▶ [Input data]:
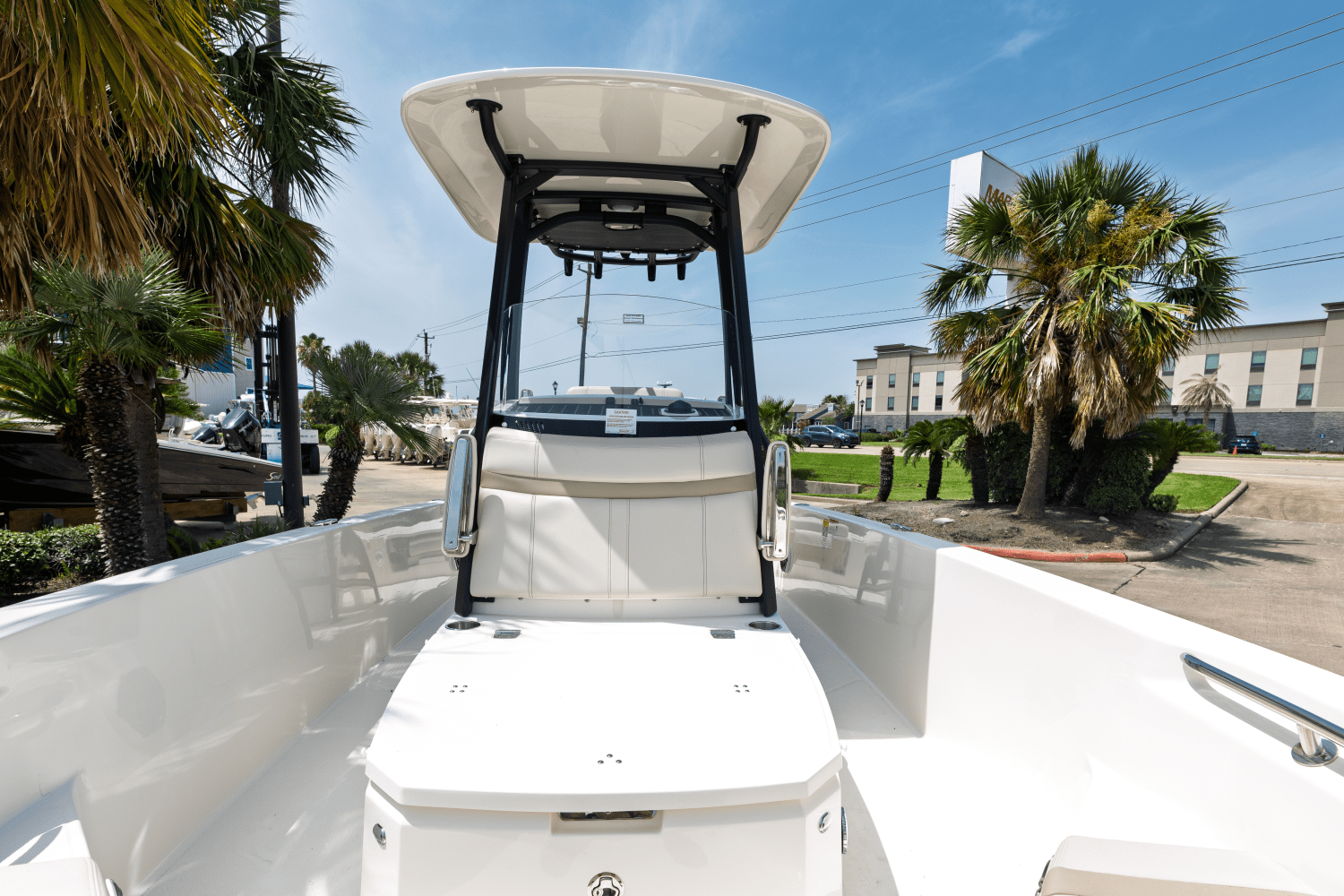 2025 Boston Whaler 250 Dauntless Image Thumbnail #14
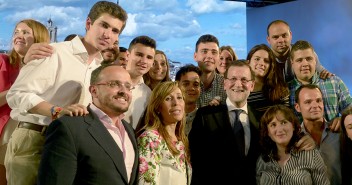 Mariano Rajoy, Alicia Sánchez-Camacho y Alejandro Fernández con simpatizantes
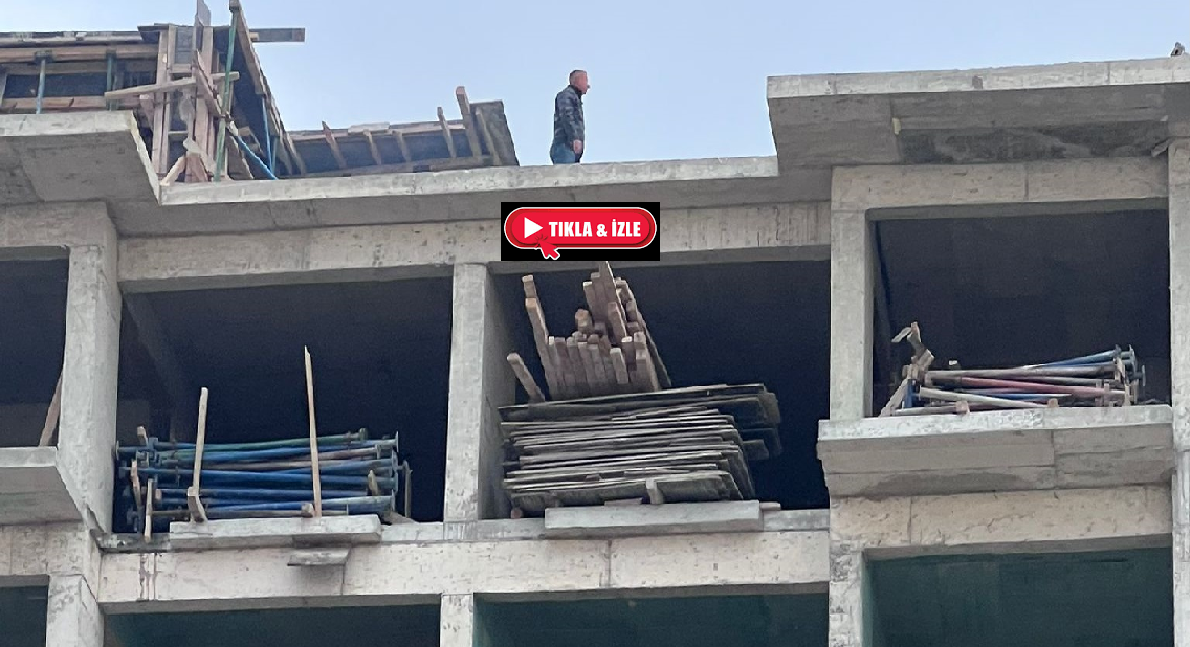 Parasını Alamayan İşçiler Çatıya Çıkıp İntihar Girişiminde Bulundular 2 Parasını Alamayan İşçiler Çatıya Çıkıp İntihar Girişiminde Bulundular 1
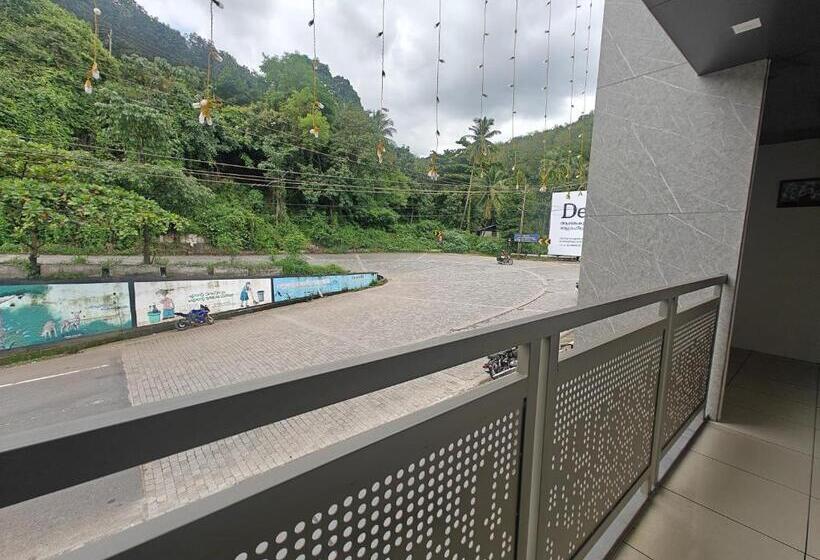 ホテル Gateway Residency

▶ [Task prompt]: What's needed is every line above, retyped exactly and free of pictures.

▶ [Output of the task]:
 2025 Boston Whaler 250 Dauntless Image Thumbnail #14
 Mariano Rajoy, Alicia Sánchez-Camacho y Alejandro Fernández con simpatizantes
 Parasını Alamayan İşçiler Çatıya Çıkıp İntihar Girişiminde Bulundular 2 Parasını Alamayan İşçiler Çatıya Çıkıp İntihar Girişiminde Bulundular 1
 ホテル Gateway Residency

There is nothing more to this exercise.